Problem to work on | The records below need to be set down again exactly; their images stay out.

(Source material Opens)

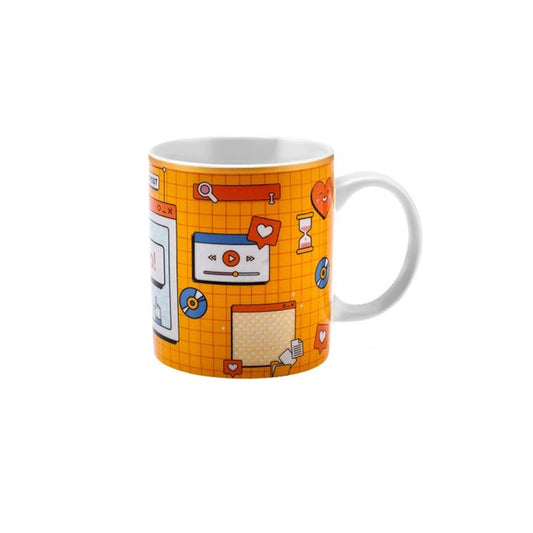 Karaca Motto Hello Mug 360ML, 153.03.05.0168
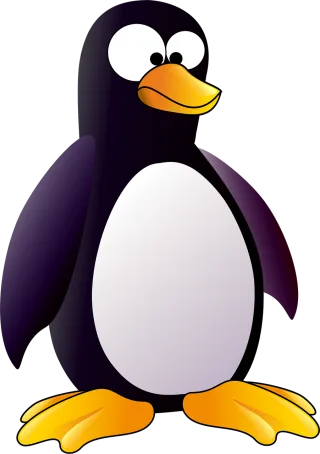 Penguin Tux Nature Stickdatei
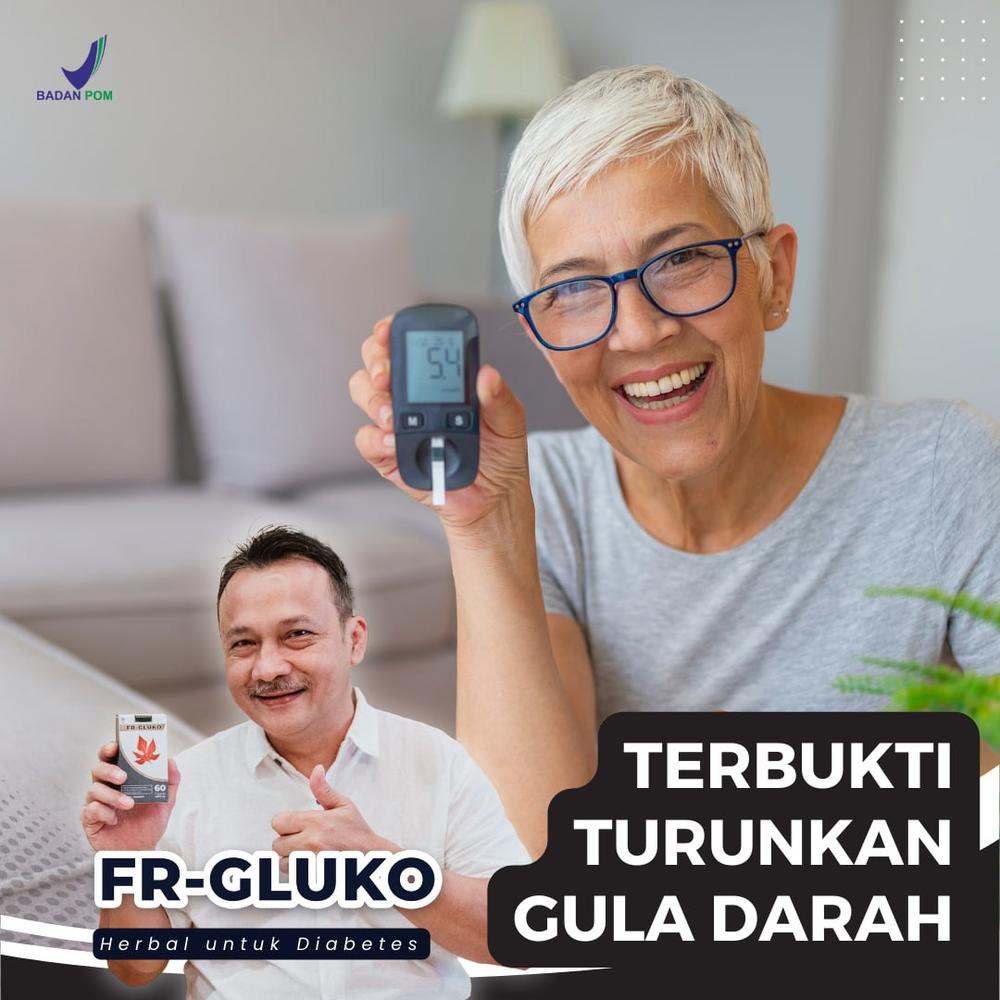 FR Gluko Herbal Obat Diabetes Kencing Manis Penurun Gula Darah Asli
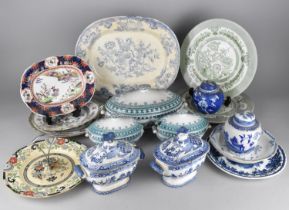 A Collection of Various 19th and 20th Century Transfer Printed and Other Ceramics to Comprise Meat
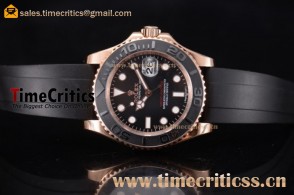 Rolex TriROX89553 Yacht-Master 40 Black Dial Rose Gold Watch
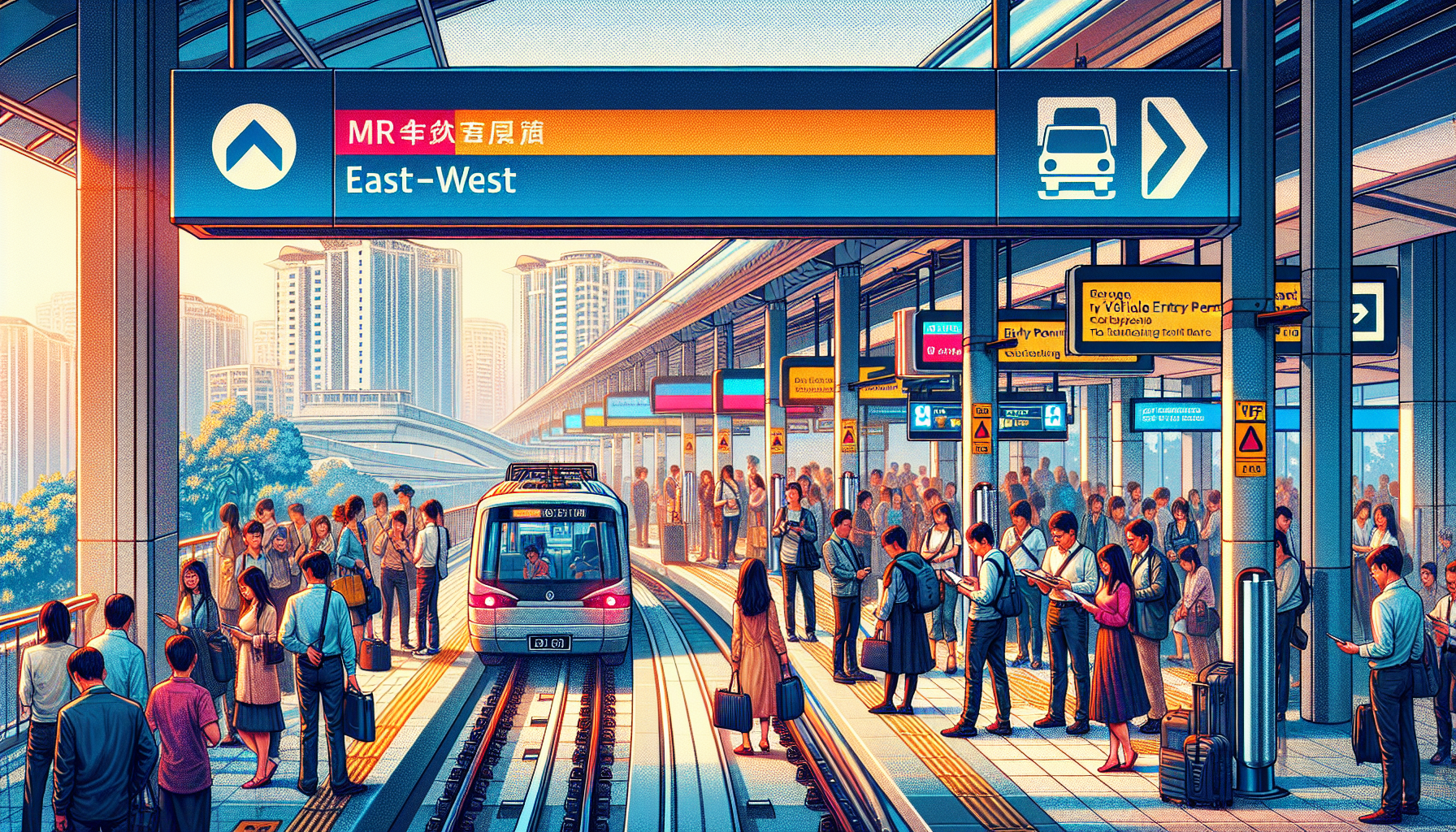 East-West Line Resumes, VEP Updates for Singapore Vehicles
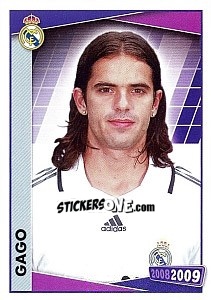 Sticker Gago (portrait) - Real Madrid 2008-2009 - Panini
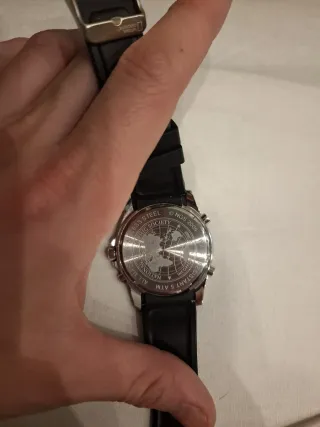 Reloj National Geographic Plata y Negro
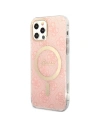 Kup Zestaw Guess etui + ładowarka bezprzewodowa GUBPP12MH4EACSP Apple iPhone 12/12 Pro różowy/pink hard case 4G Print MagSafe - GUE2283 - {ean13} - Sklep Home Screen
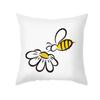 Office Living Room Home Pillowcase Car Ornaments Cartoon Bee Print Pillowcase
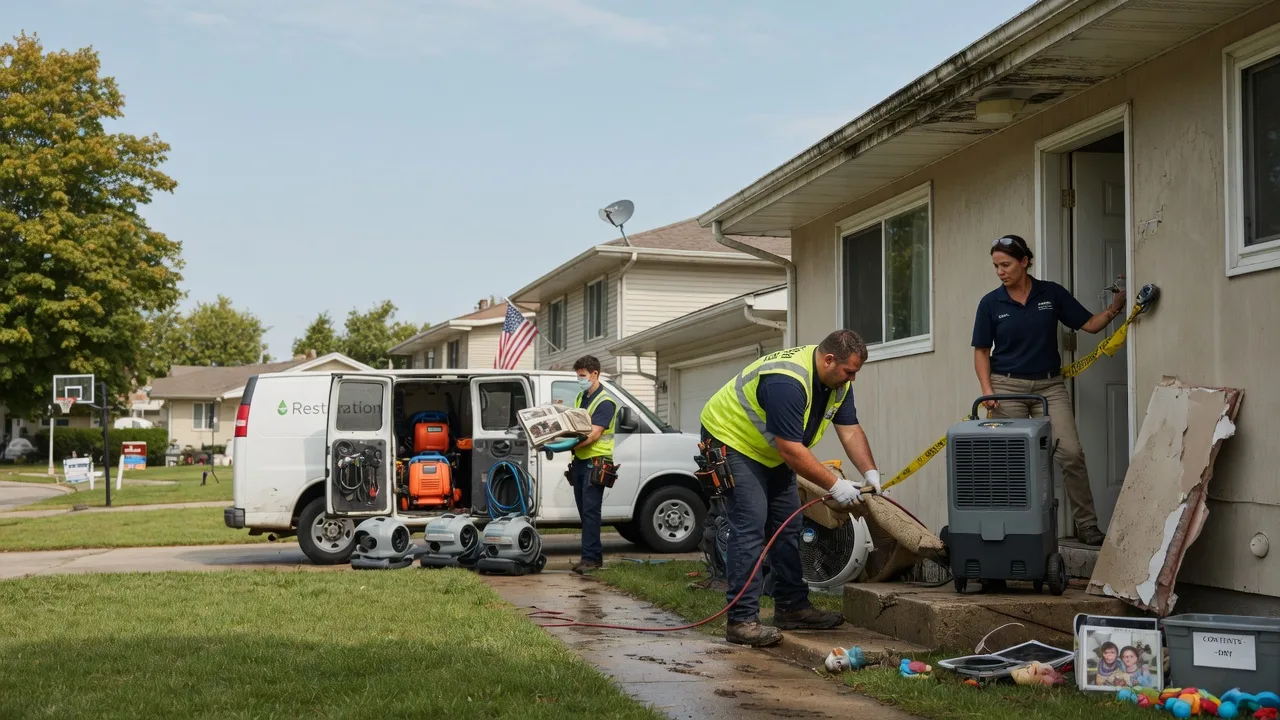 Water Damage Restoration in Brighton, IA near me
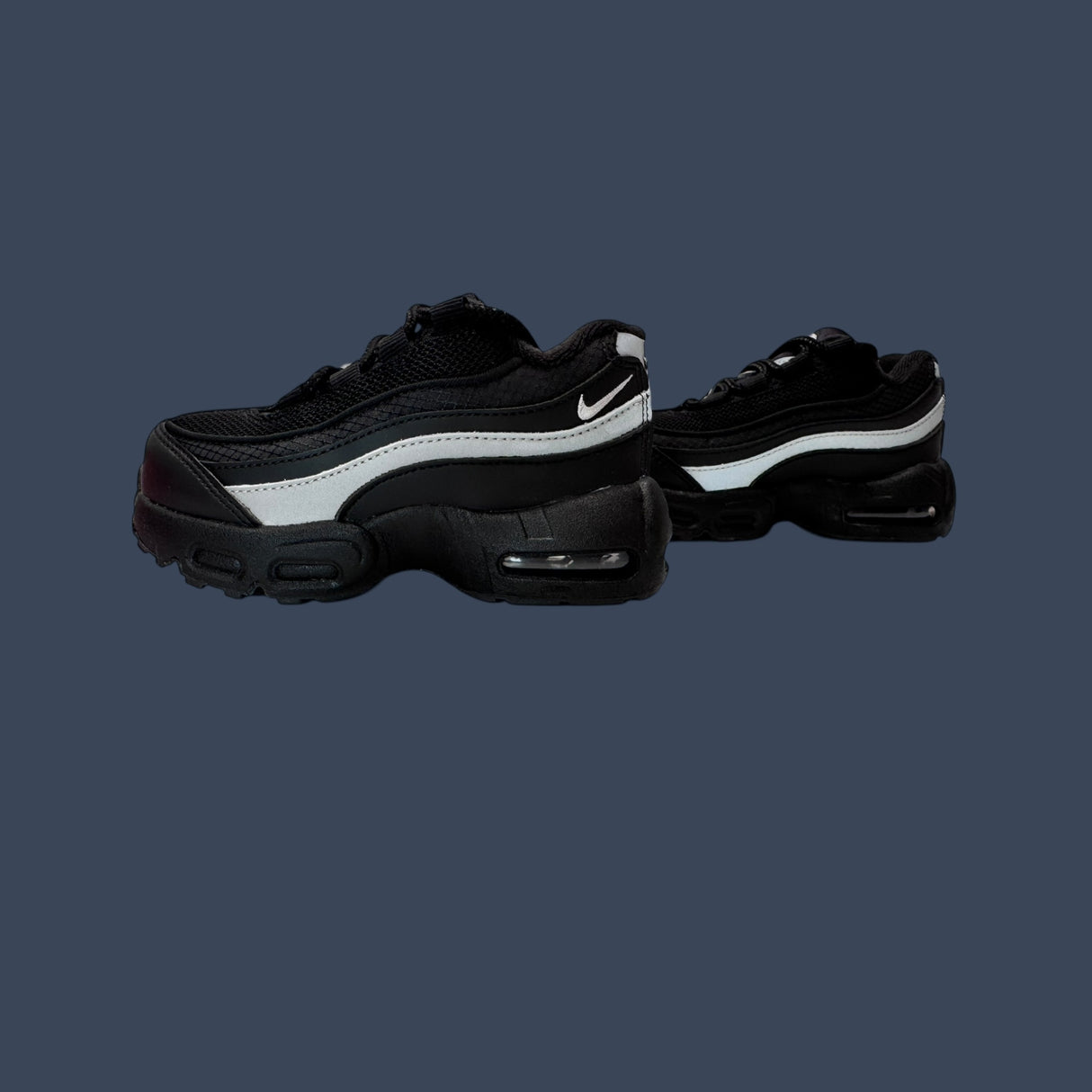 Nike Air Max 95 Recraft GS Black/Metallic Silver – HQ6365-013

(Source material Closes)

Answer box |
 Karaca Motto Hello Mug 360ML, 153.03.05.0168
 Penguin Tux Nature Stickdatei
 FR Gluko Herbal Obat Diabetes Kencing Manis Penurun Gula Darah Asli
 A Collection of Various 19th and 20th Century Transfer Printed and Other Ceramics to Comprise Meat
 Rolex TriROX89553 Yacht-Master 40 Black Dial Rose Gold Watch
 East-West Line Resumes, VEP Updates for Singapore Vehicles
 Sticker Gago (portrait) - Real Madrid 2008-2009 - Panini
 Reloj National Geographic Plata y Negro
 Kup Zestaw Guess etui + ładowarka bezprzewodowa GUBPP12MH4EACSP Apple iPhone 12/12 Pro różowy/pink hard case 4G Print MagSafe - GUE2283 - {ean13} - Sklep Home Screen
 Office Living Room Home Pillowcase Car Ornaments Cartoon Bee Print Pillowcase
 Water Damage Restoration in Brighton, IA near me
 Nike Air Max 95 Recraft GS Black/Metallic Silver – HQ6365-013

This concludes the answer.